Term limits, said Sharon Stauffer of Williamsburg, would “keep the elected official grounded to accomplish an agenda.” In addition to the limits, she also suggested changes in the terms: House members would receive an additional year, and be confined to two three-year terms. Senators would lose a year from the current six-year term and would be allowed to stay for two terms or 10 years.
“This would keep money raised and spent to run for office to a minimum, so the elected official can concentrate on government business and it would then allow for new qualified citizens to enter the political arena,” Stauffer wrote.
The Henaseys of Swiftwater, Pennsylvania, think U.S. Supreme Court justices should be elected for one 10-year term.
And in addition to term limits, maybe there should be an age limit, too, said Anne Montgomery. “My preference would be that no one should run for office after age 65, though there could be different limits for different offices.”
Amending the Constitution is a slow, arduous process — and rightly so in most cases, though of course there are tragic exceptions. It took 246 years of unconscionable suffering, protest and finally, a civil war to abolish slavery through ratification of the 13th Amendment. The Fifth Amendment, barring deprivation “of life, liberty, or property, without due process of law,” had done nothing to protect a group of people the Nation defined legally as chattel.

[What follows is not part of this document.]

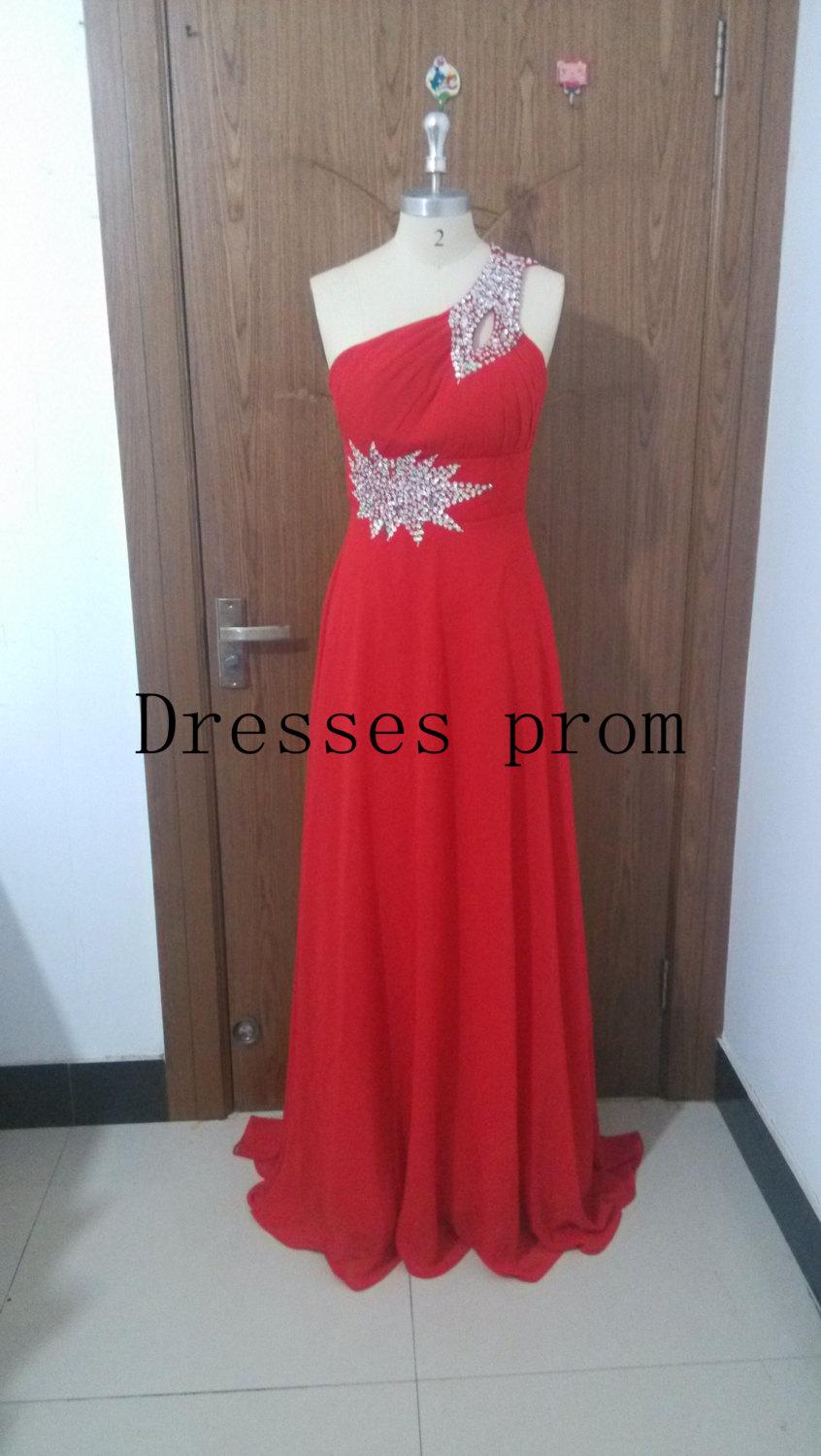 زفاف - 2014 red chiffon prom dresses long,simple one shoulder dress for holiday party,unique sheath long homecoming dress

In reality, the vast majority of efforts at revising the Constitution fail — electing the president by lottery didn’t make it, for instance, nor did banning anyone who fought in a duel from holding federal office. But never underestimate the determination of Americans to go the distance when they really set their minds to something. It took nearly a century of pressure and courageous protest by women’s suffrage organizations and activists to win voting rights for women — but win they finally did, in 1920.
“Where does that leave the concerned citizen?” Bruce P. Schoch wrote.
“Reflect, read, research, and write — your state legislators, your federal legislators, your neighbors and interest groups,” he reminds us. “Nothing becomes ‘fixed’ until citizens become involved.”